Xilinx / Vitis-AI

Vitis AI is Xilinx’s development stack for AI inference on Xilinx hardware platforms, including both edge devices and Alveo cards.
https://www.xilinx.com/ai
Apache License 2.0
1.47k stars 630 forks source link

quant_mode in pt_personreid-res50_market1501_256_128_5.3G_2.5? #912

Closed LorenzoSun-V closed 2 years ago

LorenzoSun-V commented 2 years ago

In Vitis-AI2.0, we first used mode='calib' to export quant config and then used mode='test' to dump xmodel. But in Vitis-AI2.5, the released quantizing code is quite far away from that in 2.0, the quantizing modes are 'train', 'deploy' and 'test' respectively.

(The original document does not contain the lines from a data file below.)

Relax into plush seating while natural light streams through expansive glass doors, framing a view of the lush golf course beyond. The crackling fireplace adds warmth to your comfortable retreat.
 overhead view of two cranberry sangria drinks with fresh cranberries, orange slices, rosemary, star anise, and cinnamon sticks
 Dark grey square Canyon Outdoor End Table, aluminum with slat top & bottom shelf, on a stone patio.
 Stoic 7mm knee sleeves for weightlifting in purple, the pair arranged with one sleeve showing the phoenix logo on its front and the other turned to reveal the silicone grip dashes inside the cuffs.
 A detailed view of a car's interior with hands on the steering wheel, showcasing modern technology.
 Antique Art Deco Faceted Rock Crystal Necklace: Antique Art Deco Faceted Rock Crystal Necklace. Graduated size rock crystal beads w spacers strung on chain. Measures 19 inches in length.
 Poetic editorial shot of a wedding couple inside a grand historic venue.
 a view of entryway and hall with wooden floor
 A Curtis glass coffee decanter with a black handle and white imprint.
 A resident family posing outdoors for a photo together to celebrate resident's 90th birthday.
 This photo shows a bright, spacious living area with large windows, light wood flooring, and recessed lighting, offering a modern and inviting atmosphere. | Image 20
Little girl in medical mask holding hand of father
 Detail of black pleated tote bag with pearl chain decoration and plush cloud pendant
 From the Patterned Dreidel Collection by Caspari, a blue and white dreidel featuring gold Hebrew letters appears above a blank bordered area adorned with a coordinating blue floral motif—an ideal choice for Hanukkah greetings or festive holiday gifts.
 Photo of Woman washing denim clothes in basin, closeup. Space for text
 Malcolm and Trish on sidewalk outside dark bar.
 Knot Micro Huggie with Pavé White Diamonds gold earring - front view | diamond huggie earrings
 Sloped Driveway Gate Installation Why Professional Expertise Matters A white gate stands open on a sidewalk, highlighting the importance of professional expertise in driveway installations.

So what's the order of exporting xmodel?

The released script is used to test quantizing mode: image Should I change mode to 'train' first and then change mode to 'deploy' to get xmodel if I want to acquire a quantizing model?

Looking forward to hearing from you.

wenjingk-xilinx commented 2 years ago

Hi @LorenzoSun-V , This reid model in V2.5 is quantized by QAT(Quantized-aware-training). The script of the whole QAT process is not released. The released script is about testing.

LorenzoSun-V commented 2 years ago

Thanks @wenjingk-xilinx! Do you have any plan about releasing the script of using QAT? If so, would you please disclose when will the script be released?

wenjingk-xilinx commented 2 years ago

Hi @LorenzoSun-V , we will release the qat scripts later.

LorenzoSun-V commented 2 years ago

Hi @wenjingk-xilinx, I just found the QAT scripts have been released. I'll try the lastest API. Thanks!

LorenzoSun-V commented 2 years ago

Hi @wenjingk-xilinx, I just took a glance of the released QAT code. Here are some qusetions about workflow confusing me:

  1. Can the whole flow be summarized as: (1) train the float model, the model.py has not been modified by QAT rules as follows: image image However, the model.py can be like: image

    (2) prune the float model and generate a slim model (optional).

    (3) quantize the (slim) model, and modify the model.py by QAT rules as follows: image

LorenzoSun-V commented 2 years ago

Since the Add, Cat, ReLU, QuantStub and DeQuantStub have no weights in the ckpt of trained float model, so the model modified by model.py used in QAT is able to load the ckpt correctly. Can I understand in this way? Because in the released YOLOX project, the float model also contains the ops such as Add, Cat, ReLU, QuantStub and DeQuantStub and then I met some issues on pruning. For more details, you can refer #966 .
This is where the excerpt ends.